Let's look at a general problem: we have a basis $\mathcal{B}_0$ and a basis $\mathcal{B}_1$ and we want to get the coordinate matrix of the transformation $[\mathrm{Id}]_{1}^{0}$, so the transformation that takes coordinate vectors in $\mathcal{B}_0$ and takes it to $\mathcal{B}_1$. Let $x_i,y_i$ be the basis vectors of $\mathcal{B}_0,\mathcal{B}_1$ and suppose $P$ is a linear transformation such that $Px_i=y_i$. Let $[v]_{0/1}$ denote the coordinate vector of $v$ in $\mathcal{B}_{0/1}$ respectively.
Now let's define $[P]_0^0$ by saying that it takes $[v]_0$ to $[Pv]_0$ - this is achieved by setting the columns of $[P]_0^0$ to be $[Px_i]_0=[y_i]_0$. Therefore, this matrix takes $[y_i]_1$ to $[Px_i]_0=[y_i]_0$ so in fact $[P]_0^0=[\mathrm{Id}]_{0}^{1}=([\mathrm{Id}]_{1}^{0})^{-1}$.
In your case $P$ is a rotation. I think that basically the problem is that you never defined in which bases you're looking at $R_1$, $R_2$: are we talking $[R_1]^0_0$ or $[R_1]^1_1$ or $[R_1]_2^0$ or what?
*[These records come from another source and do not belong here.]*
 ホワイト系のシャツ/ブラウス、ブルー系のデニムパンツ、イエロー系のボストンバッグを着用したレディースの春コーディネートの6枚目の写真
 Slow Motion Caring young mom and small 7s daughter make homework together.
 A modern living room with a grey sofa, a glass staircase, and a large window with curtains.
And the answer then depends. I presume you meant $[R_1]_0^0$ and $[R_2]_1^1$, in which case $$ [x]_0=[\mathrm{Id}]_{0}^{1}[\mathrm{Id}]_{1}^{2}[x]_2=[R_1]_0^0[R_2]_1^1[x]_2 $$ and also $$ [x]_2=[a]_0=[R_1^{-1}]_0^0[R_2^{-1}]_0^0[x]_0=([R_1]^0_0){-1}[\mathrm{Id}]_{0}^{1}[R_2^{-1}]_1^1[\mathrm{Id}]_{1}^{0}[x]_0=([R_1]^0_0)^{-1}[R_1]^0_0[R_2^{-1}]_1^1([R_1]^0_0)^{-1}[x]_0=([R_2]_1^1)^{-1}([R_1]^0_0)^{-1}[x]_0 $$ so again $$ [x]_0=[R_1]_0^0[R_2]_1^1[x]_2 $$ and there is no contradiction.
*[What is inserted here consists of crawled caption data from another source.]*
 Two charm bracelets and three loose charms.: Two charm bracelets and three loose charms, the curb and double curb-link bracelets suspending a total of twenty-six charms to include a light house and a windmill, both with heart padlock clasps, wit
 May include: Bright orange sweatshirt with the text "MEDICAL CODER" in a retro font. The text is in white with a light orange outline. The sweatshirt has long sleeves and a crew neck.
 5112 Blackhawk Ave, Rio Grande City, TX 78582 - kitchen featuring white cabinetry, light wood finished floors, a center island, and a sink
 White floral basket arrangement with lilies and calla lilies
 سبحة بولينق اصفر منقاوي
So, to recap: $[R_2]_1^1$ has as columns the coordinate expressions of $\mathcal{B}_2$ in $\mathcal{B}_1$ and $[R_1]_0^0$ has as columns the coordinate expressions of $\mathcal{B}_1$ in $\mathcal{B}_0$. Therefore, applying $[R_2]_1^1$ to $[x]_2$ gives the expression of $x$ in $\mathcal{B}_1$ and then applying $[R_1]_0^0$ to $[x]_1$ gives the expression of $x$ in $\mathcal{B}_0$
I think you approach this pretty much in anyway, though, as long as you keep a sharp distinction between a linear transformation and a matrix and make sure you always know what exact coordinate matrix your linear transformation has and in which basis you've decided to express it.
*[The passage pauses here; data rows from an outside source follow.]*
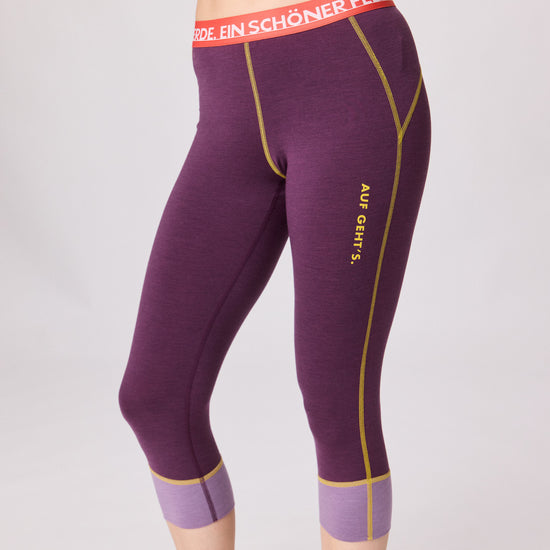 Violette 3/4-Funktionshose von Ein schöner Fleck Erde mit gelben Nähten, lilafarbenen Bündchen und rotem Bund mit Schriftzug ‚EIN SCHÖNER FLECK ERDE‘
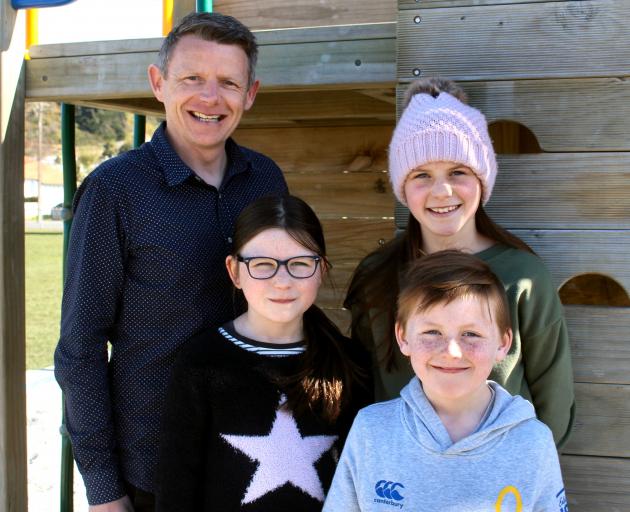 New Duntroon School principal Mike Turner with his children Ruby (9, left), Hazel (11), and George (7). Photo: Supplied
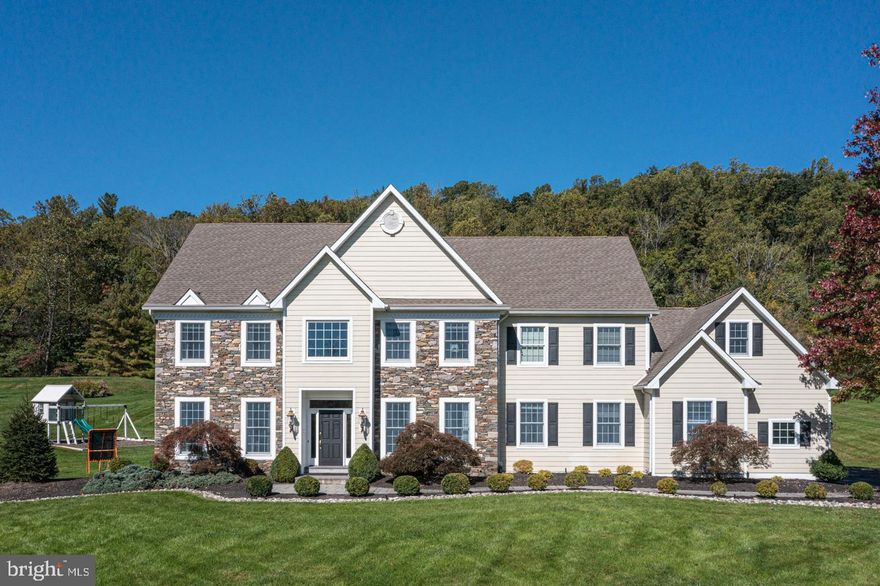 For those in search of space and splendor, your new home awaits. Resting on nearly 2 acres on a quiet cul-de-sac is this impressive stone front colonial located in the sought-after neighborhood of Bowman's Tower Farm. The open floor plan allows light to naturally stream throughout this beauty, starting with the 2-story foyer that is exposed to both the formal living and dining rooms and to the centrally positioned turned staircase at the heart of the home. The great room showcases a spectacular soaring ceiling along with an abundance of windows and gorgeous floor-to-ceiling stone fireplace making it the perfect family get-together spot. For the chef in the house, is the newer gourmet kitchen boasting striking white cabinets, quartzite countertops, a suite of Viking appliances including a double wall oven, and a convenient island perfect for meal prep and offering additional seating. The neighboring sunny breakfast area displaying French doors leads to the multi-tier paver patio and extensive rear yard with wooded backdrop. Working from home has never been easier in this tastefully done, private study with French doors, built-in cabinetry, and stunning coffered ceiling. Completing this model-like main level is a half bath, mud room and spacious drop zone area. Upstairs the luxurious main suite offers a sitting room with gas fireplace, tray ceiling, and an expansive custom walk-in closet outfitted with professional organizers. The suite’s bright and airy bath features a relaxing Jacuzzi tub, separate vanities, stall shower and separate water closet. Three additional sizable bedrooms can be found on this level, two which share a Jack and Jill bath and the last bedroom being ensuite. Relax or host guests in the finished lower level with ample living space, full bath, a sauna, and theater room along with plenty of storage. Other notable highlights of the home include 9-foot ceilings, decorative moldings, hardwood floors, custom arched hall entry, generator with transfer switch, and a 3-car garage. Enjoy a short walk to one of the area’s best casual dining venues, Bowmans Tavern for some delicious cuisine or walk to Bowman's Tower Park, Wildflower Preserve and Lookout Park. All of this and more in the award-winning Council Rock School District with easy access to shopping and activities in nearby Newtown and New Hope and commuting to Princeton and Philadelphia. Nothing to do but unpack, this stylish home is move-in ready!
EDIT: eyeballfrog's answer says that the correct way is $v_0=R_2R_1v_2$. You also said in your question that obviously, $R_2R_1\neq R_1R_2$. So the answers we provided seem inconsistent. However, consider that both $$ [x]_0=[R_1]_0^0[R_2]_1^1[x]_2 $$ and $$ [x]_0=[R_2]_0^0[R_1]_0^0[x]_2 $$ In fact, $[R_1]_0^0[R_2]_1^1=[R_2]_0^0[R_1]_0^0$, so if you don't use coordinate transformations carefully, it looks like we would have $R_1R_2=R_2R_1$ - however, if we use the $[\cdot]$ notation, the confusion disappears as the $R$'s represent rotations in different bases. So in fact both answers are correct, it just amounts to different coordinate expressions.
EDIT: Also, what about defining $R_3=R_2R_1$, is everything still consistent? Well, since $R_3$ takes $\mathcal{B}_0$ to $\mathcal{B}_2$, we have $[R_3]_0^0=[\mathrm{Id}]_0^2=[\mathrm{Id}]_0^1[\mathrm{Id}]_1^2=[R_1]_0^0[R_2]_1^1$. It looks like $R_1$ and $R_2$ have flipped - but this is actually just what needs to happen. Indeed, we already know the first equality in the following line: $$ [R_1]_0^0[R_2]_1^1=[R_2]_0^0[R_1]_0^0=[R_2R_1]_0^0=[R_3]_0^0 $$ as required.